How to complete this task:
Every line of the data below should be repeated exactly, and no picture should be copied.

Input material:
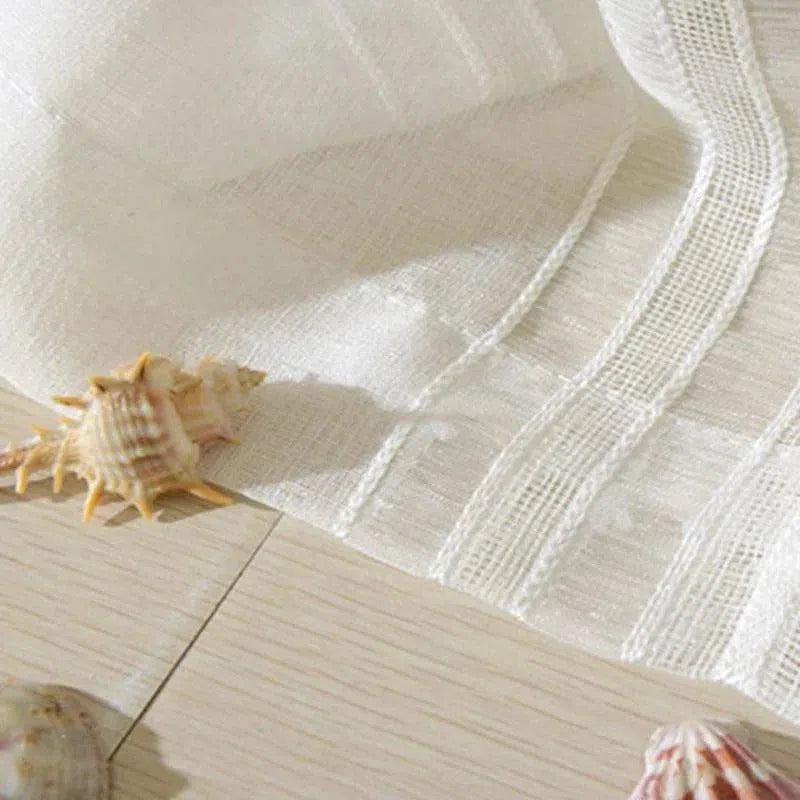 Drap blanc léger disposé sur un sol en bois clair, décoré avec des coquillages marins. Ambiance estivale et bord de mer, parfait pour une décoration intérieure fraîche et naturelle. Accessoire idéal pour apporter une touche de douceur et d'élégance à votre espace.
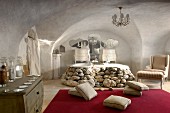 Vaulted room with antique armchair and cushions on red rug in front of twin bathtubs with surround made of boulders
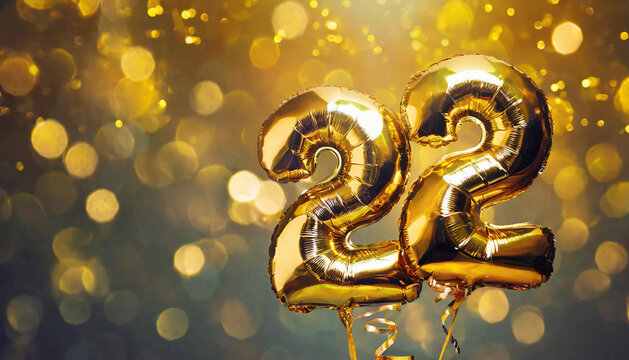 Banner with number 22 golden foil balloon. Twenty two years anniversary celebration.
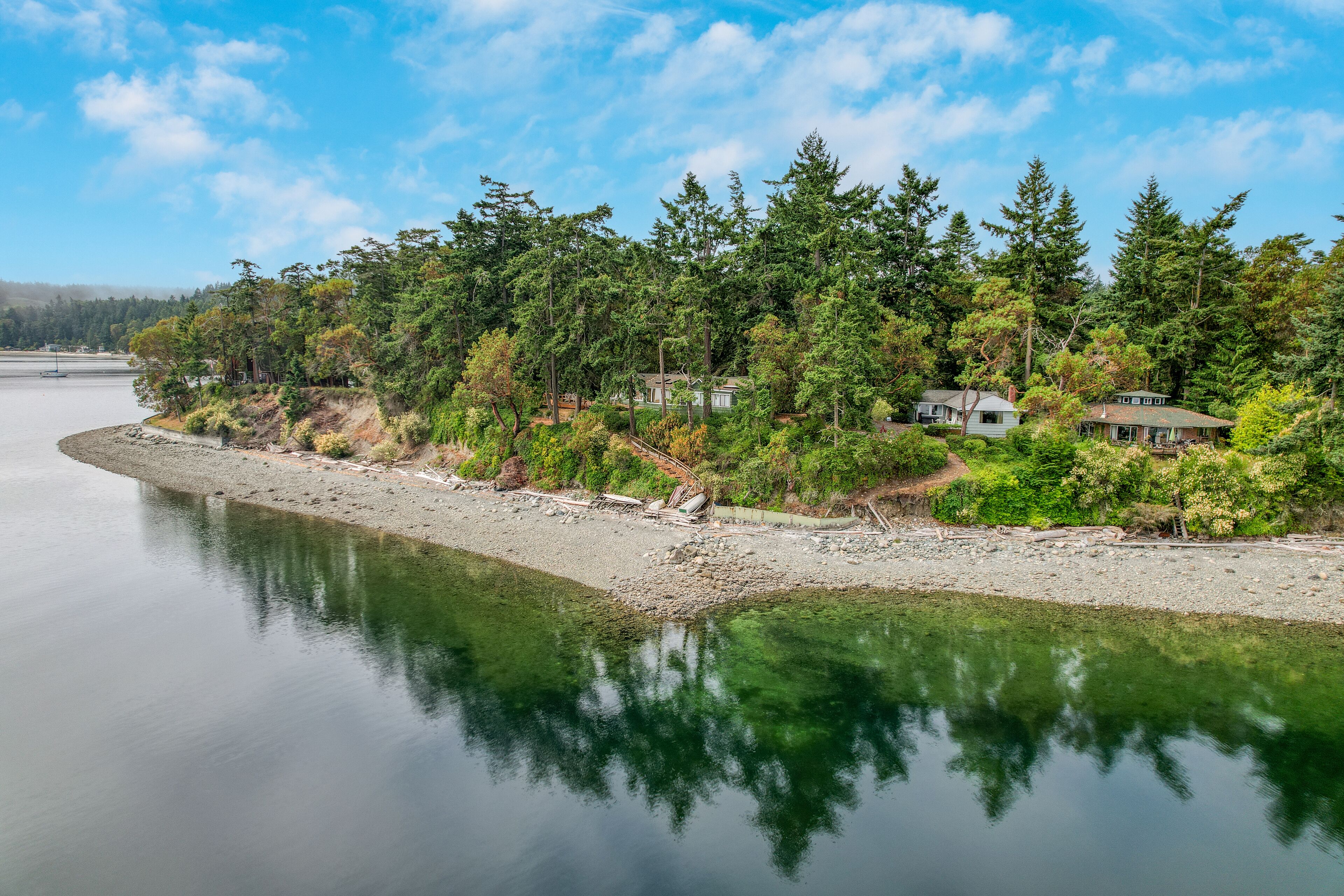 A lakeside property with a dock, surrounded by dense forest and multiple houses.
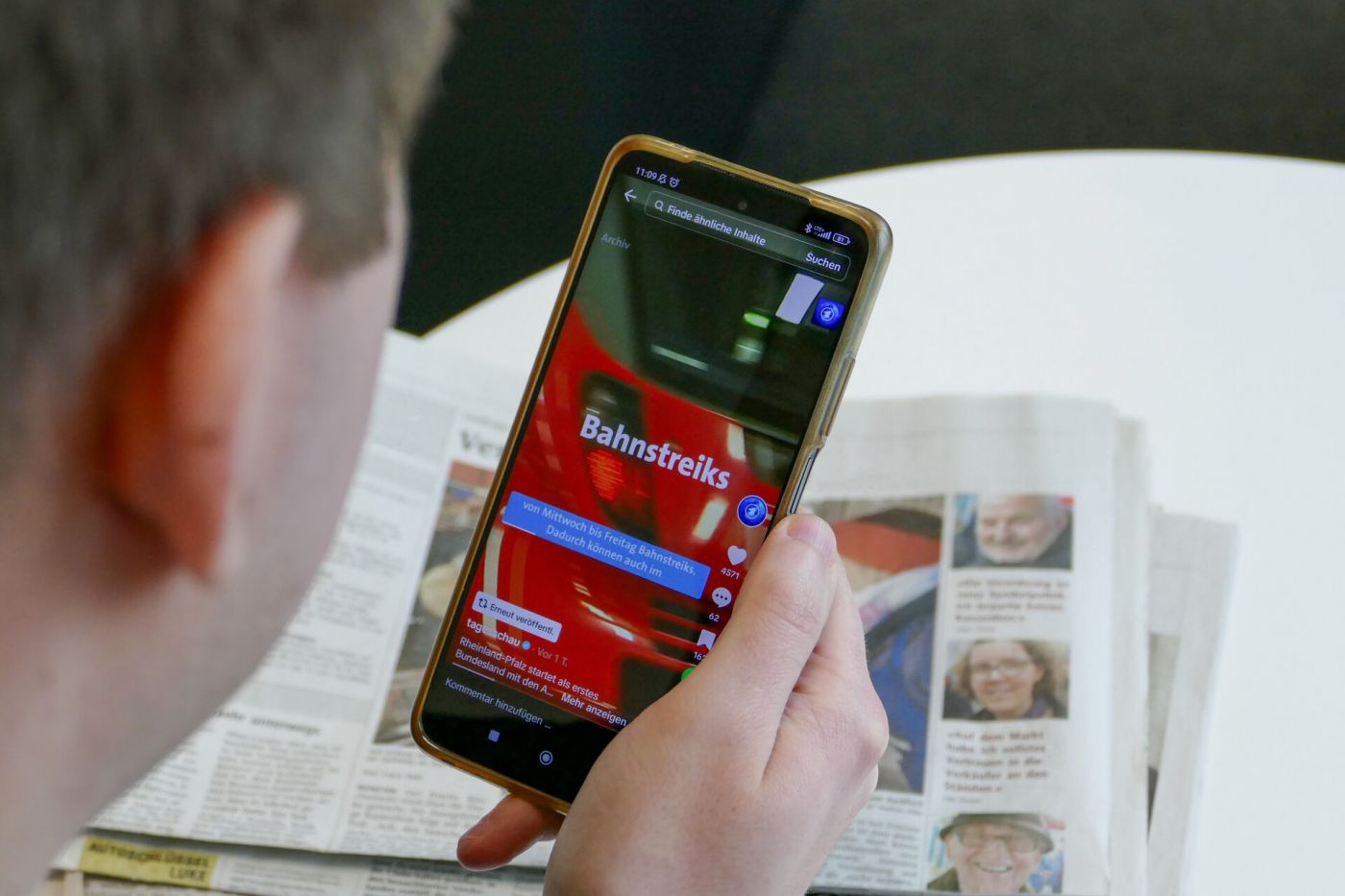 Eine Person sieht sich Nachrichten auf dem Smartphone an. Im Hintergrund liegen Zeitungen.  (Foto: Foto: FH Münster/Jana Bade)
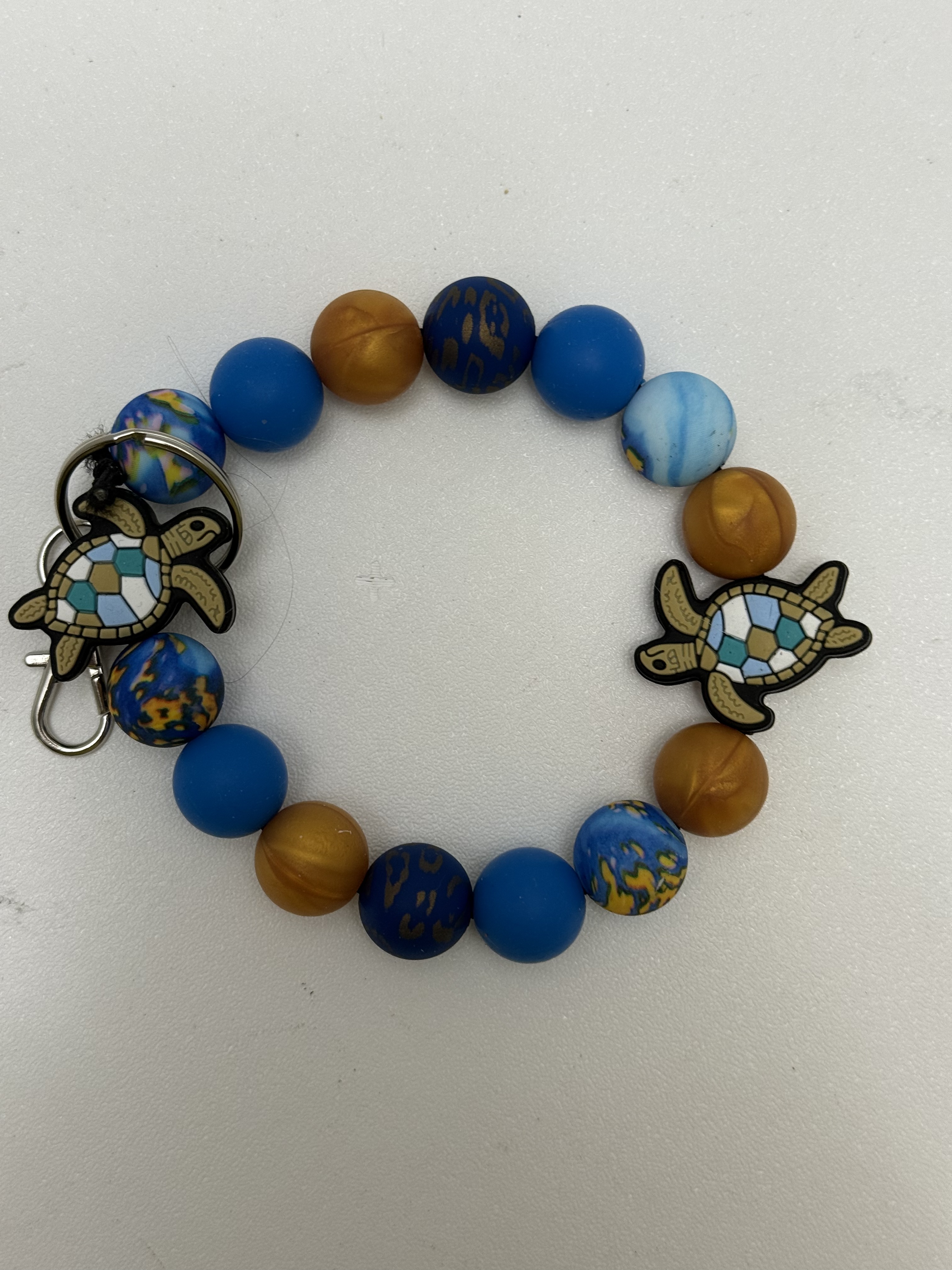 Blue and amber beaded wristlet key ring with two mosaic sea turtle charms and silver clasp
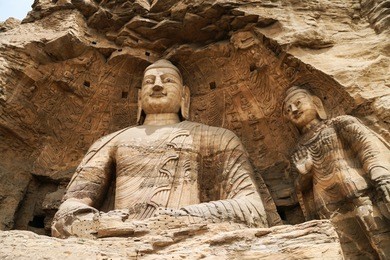 buddha statue, yungang cave grottoes, datong, china/world heritage unesco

Result:
 Drap blanc léger disposé sur un sol en bois clair, décoré avec des coquillages marins. Ambiance estivale et bord de mer, parfait pour une décoration intérieure fraîche et naturelle. Accessoire idéal pour apporter une touche de douceur et d'élégance à votre espace.
 Vaulted room with antique armchair and cushions on red rug in front of twin bathtubs with surround made of boulders
 Banner with number 22 golden foil balloon. Twenty two years anniversary celebration.
 A lakeside property with a dock, surrounded by dense forest and multiple houses.
 Eine Person sieht sich Nachrichten auf dem Smartphone an. Im Hintergrund liegen Zeitungen.  (Foto: Foto: FH Münster/Jana Bade)
 Blue and amber beaded wristlet key ring with two mosaic sea turtle charms and silver clasp
 buddha statue, yungang cave grottoes, datong, china/world heritage unesco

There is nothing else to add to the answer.